- [EXERCISE BRIEF] Your reply should set down word for word each line below from the one with "PRS SE Custom" through the final line, both included, but none of the pictures.

- [GIVEN RECORDS]
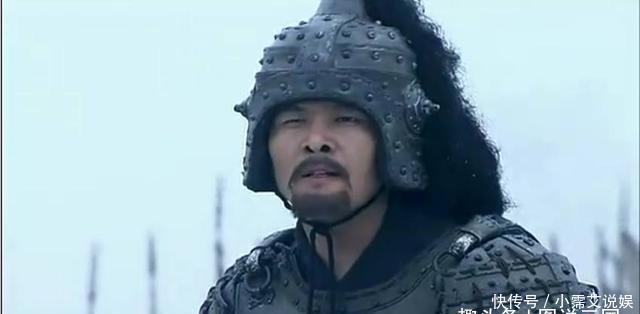 搏杀|三国悲壮战死的虎将，拼死搏杀后，死于乱军之中，实在令人唏嘘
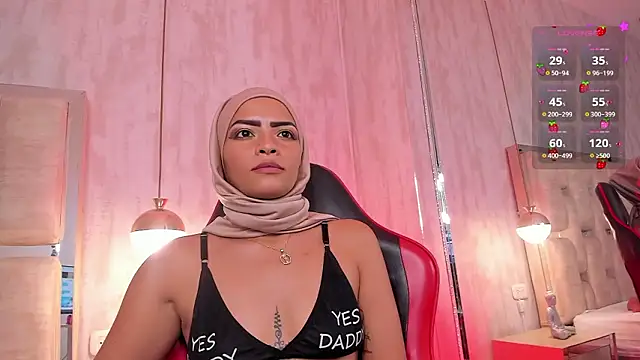 Pokazy przed kamerką – VeronicaFlowers_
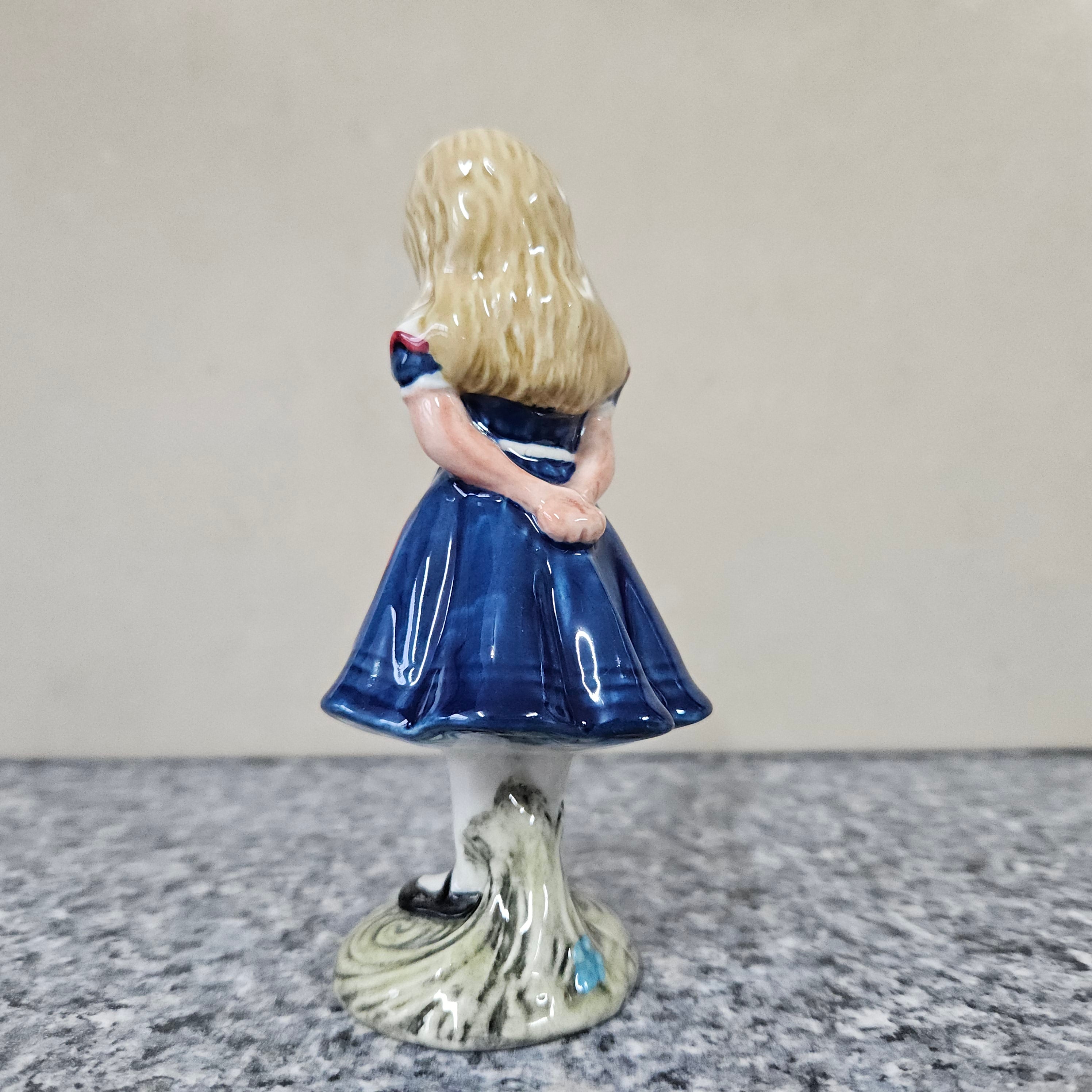 Beswick 'Alice' Figurine | Antique & Vintage | Moonee Ponds Antiques | Australia Wide Delivery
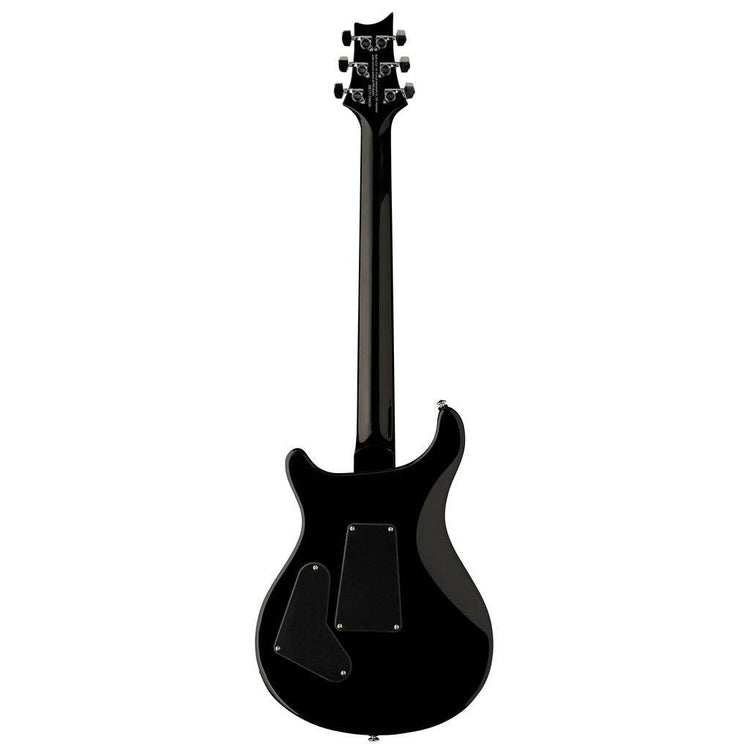 PRS SE Custom 24 Floyd Electric Guitar - Charcoal Burst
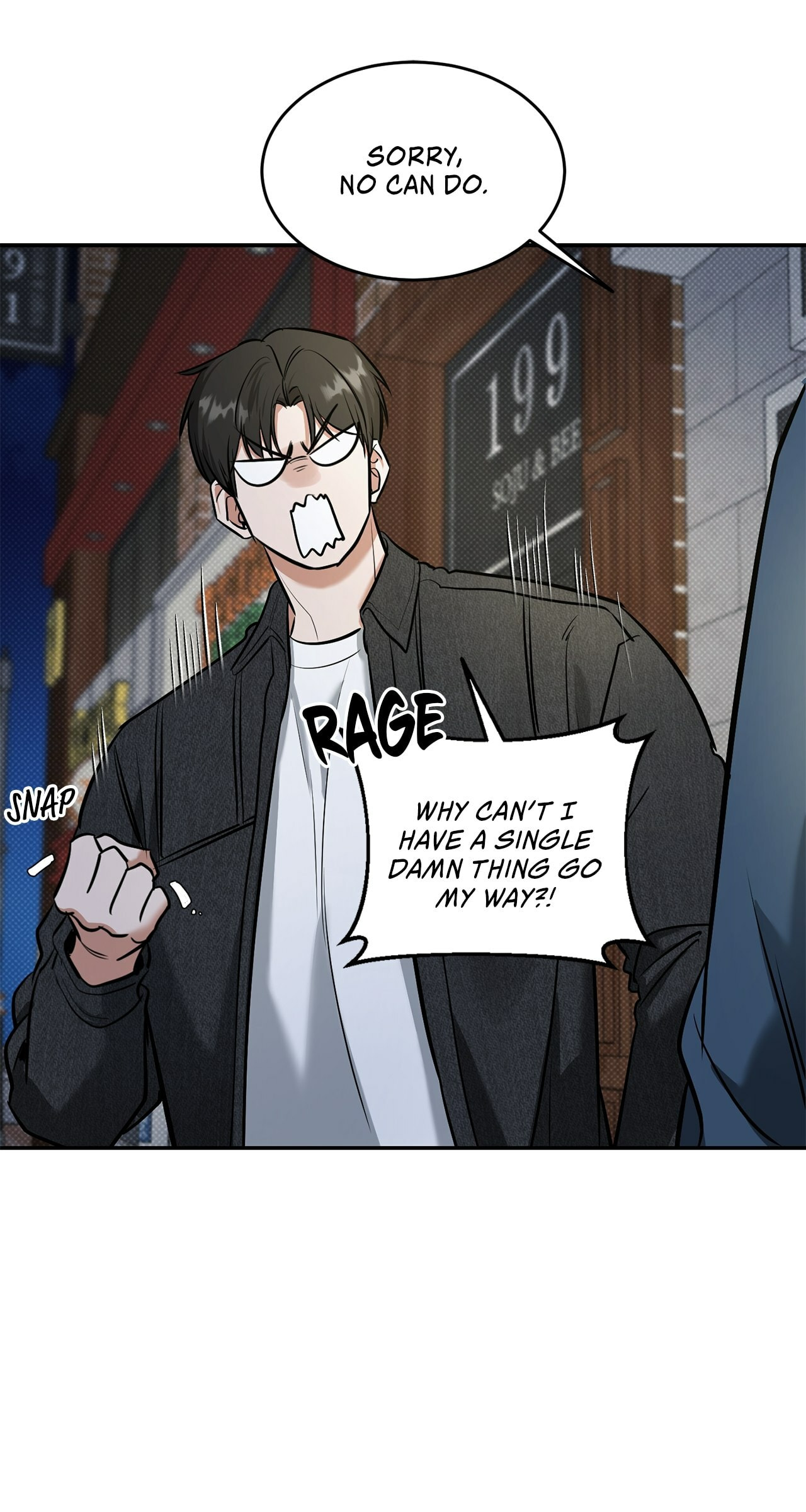 All For Me Chapter 7 page 85 -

- [RESULT OF THE EXERCISE]
 PRS SE Custom 24 Floyd Electric Guitar - Charcoal Burst
 All For Me Chapter 7 page 85 -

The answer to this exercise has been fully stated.